What is needed:
Every line in the data below from the one containing "Certified 2024 Subaru" down to the one containing "Fairholm Boutique Inns 夏洛特敦 外观 照片", both included, must be retyped exactly; no other line is to appear.

Recorded data:

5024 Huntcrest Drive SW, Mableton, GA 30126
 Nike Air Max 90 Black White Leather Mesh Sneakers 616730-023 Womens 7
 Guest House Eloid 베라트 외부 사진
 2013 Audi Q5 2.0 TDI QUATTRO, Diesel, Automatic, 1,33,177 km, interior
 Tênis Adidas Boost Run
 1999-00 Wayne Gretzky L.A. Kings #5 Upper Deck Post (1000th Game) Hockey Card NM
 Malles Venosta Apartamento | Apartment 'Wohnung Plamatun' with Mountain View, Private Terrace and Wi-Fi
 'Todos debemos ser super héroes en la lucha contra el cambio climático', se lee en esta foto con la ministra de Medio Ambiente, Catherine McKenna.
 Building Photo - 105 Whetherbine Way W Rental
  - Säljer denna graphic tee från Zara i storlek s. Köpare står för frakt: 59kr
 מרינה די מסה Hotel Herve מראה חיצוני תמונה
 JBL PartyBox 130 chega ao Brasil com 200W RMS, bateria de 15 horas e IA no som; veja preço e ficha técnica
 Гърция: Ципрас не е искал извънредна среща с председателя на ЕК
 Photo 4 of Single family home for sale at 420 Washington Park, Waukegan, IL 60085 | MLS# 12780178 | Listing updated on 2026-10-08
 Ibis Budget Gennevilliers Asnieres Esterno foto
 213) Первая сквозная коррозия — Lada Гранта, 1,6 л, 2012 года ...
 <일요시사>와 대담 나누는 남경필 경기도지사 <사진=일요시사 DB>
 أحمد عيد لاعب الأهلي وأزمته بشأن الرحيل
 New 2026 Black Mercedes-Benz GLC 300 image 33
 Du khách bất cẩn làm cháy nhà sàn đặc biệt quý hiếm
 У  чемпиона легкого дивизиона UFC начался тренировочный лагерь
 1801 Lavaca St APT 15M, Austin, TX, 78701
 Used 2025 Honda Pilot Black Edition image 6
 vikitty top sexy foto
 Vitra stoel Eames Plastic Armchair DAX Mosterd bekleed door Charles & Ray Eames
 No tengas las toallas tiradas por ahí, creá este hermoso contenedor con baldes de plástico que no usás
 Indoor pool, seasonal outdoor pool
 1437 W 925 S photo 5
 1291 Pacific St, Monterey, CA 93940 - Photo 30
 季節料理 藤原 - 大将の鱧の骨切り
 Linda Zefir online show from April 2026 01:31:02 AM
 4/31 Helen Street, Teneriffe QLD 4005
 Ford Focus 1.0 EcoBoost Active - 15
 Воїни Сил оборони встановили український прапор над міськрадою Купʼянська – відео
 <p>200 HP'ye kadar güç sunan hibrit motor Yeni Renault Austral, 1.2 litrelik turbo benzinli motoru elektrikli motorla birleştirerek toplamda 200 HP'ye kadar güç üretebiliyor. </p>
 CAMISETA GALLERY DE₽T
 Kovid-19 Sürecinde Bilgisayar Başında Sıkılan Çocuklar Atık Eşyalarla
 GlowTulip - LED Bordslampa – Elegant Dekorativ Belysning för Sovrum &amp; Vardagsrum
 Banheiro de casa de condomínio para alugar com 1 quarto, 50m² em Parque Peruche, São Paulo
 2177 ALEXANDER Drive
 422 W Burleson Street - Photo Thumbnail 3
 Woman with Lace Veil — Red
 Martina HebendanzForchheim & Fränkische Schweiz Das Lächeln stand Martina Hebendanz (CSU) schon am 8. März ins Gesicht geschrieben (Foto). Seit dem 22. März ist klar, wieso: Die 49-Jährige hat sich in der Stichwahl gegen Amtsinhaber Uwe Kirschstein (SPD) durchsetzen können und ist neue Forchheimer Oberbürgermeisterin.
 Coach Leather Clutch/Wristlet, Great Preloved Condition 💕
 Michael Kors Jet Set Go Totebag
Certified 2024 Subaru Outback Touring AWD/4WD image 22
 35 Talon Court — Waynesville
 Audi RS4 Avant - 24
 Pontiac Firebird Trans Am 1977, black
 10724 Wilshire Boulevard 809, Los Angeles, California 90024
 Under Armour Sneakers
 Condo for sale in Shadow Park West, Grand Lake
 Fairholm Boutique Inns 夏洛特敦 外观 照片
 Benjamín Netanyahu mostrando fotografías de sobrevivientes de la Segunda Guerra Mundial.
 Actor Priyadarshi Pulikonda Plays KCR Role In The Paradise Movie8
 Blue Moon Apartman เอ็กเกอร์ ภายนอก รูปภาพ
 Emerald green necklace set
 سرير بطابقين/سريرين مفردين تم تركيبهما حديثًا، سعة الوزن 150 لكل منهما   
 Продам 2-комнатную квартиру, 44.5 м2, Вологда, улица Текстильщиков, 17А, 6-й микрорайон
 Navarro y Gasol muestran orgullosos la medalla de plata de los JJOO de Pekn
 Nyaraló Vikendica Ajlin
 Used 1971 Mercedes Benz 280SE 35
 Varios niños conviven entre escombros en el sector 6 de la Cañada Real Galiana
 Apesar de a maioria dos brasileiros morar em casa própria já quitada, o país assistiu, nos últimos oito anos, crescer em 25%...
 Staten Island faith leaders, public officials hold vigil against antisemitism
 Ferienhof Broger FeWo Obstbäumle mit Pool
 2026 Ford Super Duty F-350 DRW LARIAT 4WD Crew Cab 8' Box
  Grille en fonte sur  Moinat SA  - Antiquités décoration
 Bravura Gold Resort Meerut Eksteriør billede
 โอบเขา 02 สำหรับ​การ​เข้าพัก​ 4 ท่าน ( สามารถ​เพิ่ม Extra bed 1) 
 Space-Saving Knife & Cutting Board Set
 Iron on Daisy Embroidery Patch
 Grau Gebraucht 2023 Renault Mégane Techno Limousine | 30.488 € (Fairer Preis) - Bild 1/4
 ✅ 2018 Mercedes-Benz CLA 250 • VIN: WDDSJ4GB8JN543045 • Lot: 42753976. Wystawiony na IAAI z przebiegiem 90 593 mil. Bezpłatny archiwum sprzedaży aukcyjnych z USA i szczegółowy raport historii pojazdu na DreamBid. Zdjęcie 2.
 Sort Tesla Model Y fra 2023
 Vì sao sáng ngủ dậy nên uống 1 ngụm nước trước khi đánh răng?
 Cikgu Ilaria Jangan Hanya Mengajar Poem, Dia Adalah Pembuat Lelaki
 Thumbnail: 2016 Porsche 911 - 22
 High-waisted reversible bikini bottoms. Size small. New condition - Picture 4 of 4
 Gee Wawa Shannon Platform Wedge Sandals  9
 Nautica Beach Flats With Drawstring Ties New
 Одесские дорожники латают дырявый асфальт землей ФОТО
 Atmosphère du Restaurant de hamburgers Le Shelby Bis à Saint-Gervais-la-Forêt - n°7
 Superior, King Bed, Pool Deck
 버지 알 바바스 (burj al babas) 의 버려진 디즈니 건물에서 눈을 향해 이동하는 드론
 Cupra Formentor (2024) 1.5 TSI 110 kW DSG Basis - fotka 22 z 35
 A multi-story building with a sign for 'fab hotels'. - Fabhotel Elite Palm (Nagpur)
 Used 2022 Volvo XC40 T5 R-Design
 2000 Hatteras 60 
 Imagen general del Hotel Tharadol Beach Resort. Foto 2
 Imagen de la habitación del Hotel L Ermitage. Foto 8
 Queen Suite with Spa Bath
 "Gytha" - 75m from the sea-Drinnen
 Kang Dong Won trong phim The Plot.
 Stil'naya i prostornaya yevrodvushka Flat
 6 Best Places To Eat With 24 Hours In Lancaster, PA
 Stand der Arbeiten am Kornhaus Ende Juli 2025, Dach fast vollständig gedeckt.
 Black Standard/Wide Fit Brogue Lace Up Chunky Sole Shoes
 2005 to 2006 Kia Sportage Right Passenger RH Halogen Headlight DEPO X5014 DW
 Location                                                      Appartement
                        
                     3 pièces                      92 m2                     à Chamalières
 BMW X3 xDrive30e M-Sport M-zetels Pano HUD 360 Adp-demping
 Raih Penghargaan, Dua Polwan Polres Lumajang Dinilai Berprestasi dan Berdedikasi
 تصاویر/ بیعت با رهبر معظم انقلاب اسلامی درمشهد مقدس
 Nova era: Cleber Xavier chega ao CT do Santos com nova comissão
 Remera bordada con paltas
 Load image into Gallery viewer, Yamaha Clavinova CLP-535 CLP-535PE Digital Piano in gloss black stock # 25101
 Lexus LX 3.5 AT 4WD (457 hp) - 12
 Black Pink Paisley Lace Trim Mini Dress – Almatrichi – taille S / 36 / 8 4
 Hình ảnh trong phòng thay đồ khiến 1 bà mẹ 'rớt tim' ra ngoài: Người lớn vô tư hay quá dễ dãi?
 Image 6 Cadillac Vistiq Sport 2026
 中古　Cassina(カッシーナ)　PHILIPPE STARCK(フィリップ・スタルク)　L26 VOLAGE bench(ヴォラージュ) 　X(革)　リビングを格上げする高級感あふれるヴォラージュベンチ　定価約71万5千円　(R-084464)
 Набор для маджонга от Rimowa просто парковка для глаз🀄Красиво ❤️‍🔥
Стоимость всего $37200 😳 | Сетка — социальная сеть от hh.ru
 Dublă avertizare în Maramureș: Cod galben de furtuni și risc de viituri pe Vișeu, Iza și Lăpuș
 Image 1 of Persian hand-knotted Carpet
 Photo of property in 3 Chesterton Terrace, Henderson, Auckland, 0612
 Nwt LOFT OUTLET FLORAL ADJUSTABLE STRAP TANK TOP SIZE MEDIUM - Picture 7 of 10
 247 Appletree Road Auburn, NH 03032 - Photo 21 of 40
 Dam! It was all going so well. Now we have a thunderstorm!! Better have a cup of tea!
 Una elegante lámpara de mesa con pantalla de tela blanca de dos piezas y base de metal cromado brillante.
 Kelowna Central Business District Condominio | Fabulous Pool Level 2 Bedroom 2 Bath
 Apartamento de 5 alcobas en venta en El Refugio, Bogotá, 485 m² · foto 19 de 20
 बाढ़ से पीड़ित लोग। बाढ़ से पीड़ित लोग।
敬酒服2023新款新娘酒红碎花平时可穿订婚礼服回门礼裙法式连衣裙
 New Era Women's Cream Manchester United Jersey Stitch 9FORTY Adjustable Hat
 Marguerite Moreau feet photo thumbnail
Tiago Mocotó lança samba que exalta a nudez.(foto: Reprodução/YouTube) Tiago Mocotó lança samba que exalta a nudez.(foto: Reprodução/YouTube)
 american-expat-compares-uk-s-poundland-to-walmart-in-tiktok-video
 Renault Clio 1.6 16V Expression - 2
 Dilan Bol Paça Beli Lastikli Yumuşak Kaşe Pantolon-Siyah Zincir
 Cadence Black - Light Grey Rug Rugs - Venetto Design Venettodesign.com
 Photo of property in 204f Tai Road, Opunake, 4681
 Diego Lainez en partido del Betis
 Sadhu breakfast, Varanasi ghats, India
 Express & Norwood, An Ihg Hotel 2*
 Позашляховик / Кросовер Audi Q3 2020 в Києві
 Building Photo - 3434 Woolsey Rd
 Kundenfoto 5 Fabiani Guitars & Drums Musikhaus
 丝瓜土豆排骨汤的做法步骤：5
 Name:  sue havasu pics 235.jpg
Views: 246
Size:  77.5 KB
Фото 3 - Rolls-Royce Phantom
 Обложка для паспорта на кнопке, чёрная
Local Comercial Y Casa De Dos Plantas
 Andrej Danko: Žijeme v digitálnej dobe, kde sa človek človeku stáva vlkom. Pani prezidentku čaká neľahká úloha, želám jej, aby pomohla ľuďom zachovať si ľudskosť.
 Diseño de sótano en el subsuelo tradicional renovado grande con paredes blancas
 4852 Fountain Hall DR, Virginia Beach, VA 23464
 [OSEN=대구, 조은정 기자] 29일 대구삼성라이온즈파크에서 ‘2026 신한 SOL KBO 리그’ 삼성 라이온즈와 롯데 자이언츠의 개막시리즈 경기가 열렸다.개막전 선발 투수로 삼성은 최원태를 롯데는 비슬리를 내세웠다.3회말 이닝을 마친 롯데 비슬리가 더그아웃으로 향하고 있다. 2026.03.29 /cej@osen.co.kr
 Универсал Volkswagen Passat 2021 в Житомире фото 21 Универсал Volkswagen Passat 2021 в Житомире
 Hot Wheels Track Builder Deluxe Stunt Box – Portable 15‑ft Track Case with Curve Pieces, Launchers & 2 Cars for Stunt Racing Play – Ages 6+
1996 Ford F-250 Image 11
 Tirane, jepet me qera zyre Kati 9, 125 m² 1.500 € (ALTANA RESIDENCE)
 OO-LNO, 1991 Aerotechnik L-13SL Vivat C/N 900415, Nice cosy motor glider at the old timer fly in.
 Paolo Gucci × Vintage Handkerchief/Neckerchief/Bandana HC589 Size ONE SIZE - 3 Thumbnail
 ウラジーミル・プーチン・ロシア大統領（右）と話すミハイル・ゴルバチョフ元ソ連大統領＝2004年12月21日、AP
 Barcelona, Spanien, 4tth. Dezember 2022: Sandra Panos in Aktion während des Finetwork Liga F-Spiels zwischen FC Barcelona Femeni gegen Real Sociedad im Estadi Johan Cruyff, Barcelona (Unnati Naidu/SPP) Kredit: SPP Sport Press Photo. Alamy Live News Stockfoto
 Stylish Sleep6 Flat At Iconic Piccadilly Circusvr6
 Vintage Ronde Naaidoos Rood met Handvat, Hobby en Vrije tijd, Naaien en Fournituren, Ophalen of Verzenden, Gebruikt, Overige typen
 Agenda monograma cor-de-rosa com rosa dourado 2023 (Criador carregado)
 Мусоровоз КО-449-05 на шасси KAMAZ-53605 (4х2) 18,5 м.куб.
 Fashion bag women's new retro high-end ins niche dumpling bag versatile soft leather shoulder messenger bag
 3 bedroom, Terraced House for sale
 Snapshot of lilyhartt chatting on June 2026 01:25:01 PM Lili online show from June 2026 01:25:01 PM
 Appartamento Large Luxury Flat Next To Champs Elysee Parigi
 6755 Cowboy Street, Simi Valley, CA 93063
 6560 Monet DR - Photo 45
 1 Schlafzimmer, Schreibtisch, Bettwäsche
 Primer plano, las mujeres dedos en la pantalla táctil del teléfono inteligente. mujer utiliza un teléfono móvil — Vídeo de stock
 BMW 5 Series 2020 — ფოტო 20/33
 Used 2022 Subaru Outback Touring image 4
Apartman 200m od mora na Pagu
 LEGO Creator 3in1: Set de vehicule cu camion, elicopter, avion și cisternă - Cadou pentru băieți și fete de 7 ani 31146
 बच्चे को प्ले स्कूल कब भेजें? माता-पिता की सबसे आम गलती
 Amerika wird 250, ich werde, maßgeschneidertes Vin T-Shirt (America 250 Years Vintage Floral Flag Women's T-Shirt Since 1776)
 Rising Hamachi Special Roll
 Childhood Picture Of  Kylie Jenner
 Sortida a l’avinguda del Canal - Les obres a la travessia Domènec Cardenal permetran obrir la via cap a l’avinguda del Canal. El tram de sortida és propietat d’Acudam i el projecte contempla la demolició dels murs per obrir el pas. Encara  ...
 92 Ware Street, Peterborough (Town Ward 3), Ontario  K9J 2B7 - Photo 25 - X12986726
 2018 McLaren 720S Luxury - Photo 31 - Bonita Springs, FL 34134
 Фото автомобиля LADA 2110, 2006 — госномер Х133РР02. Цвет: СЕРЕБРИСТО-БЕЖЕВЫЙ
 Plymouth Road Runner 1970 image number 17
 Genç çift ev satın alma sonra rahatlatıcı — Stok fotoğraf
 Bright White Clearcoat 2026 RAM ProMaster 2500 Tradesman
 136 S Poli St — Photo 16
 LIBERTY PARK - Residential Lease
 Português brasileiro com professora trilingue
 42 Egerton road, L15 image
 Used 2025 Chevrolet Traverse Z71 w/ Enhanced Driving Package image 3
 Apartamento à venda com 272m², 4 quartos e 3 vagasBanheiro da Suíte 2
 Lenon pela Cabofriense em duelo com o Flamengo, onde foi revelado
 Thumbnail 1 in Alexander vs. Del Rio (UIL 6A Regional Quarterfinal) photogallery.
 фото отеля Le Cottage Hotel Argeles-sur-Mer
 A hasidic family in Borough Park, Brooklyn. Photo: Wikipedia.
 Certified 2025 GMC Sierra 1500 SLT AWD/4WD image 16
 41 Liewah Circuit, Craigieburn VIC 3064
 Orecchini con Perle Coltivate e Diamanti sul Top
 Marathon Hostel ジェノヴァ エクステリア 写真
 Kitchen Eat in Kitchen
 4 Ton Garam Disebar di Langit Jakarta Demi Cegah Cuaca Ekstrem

Answer box:
Certified 2024 Subaru Outback Touring AWD/4WD image 22
 35 Talon Court — Waynesville
 Audi RS4 Avant - 24
 Pontiac Firebird Trans Am 1977, black
 10724 Wilshire Boulevard 809, Los Angeles, California 90024
 Under Armour Sneakers
 Condo for sale in Shadow Park West, Grand Lake
 Fairholm Boutique Inns 夏洛特敦 外观 照片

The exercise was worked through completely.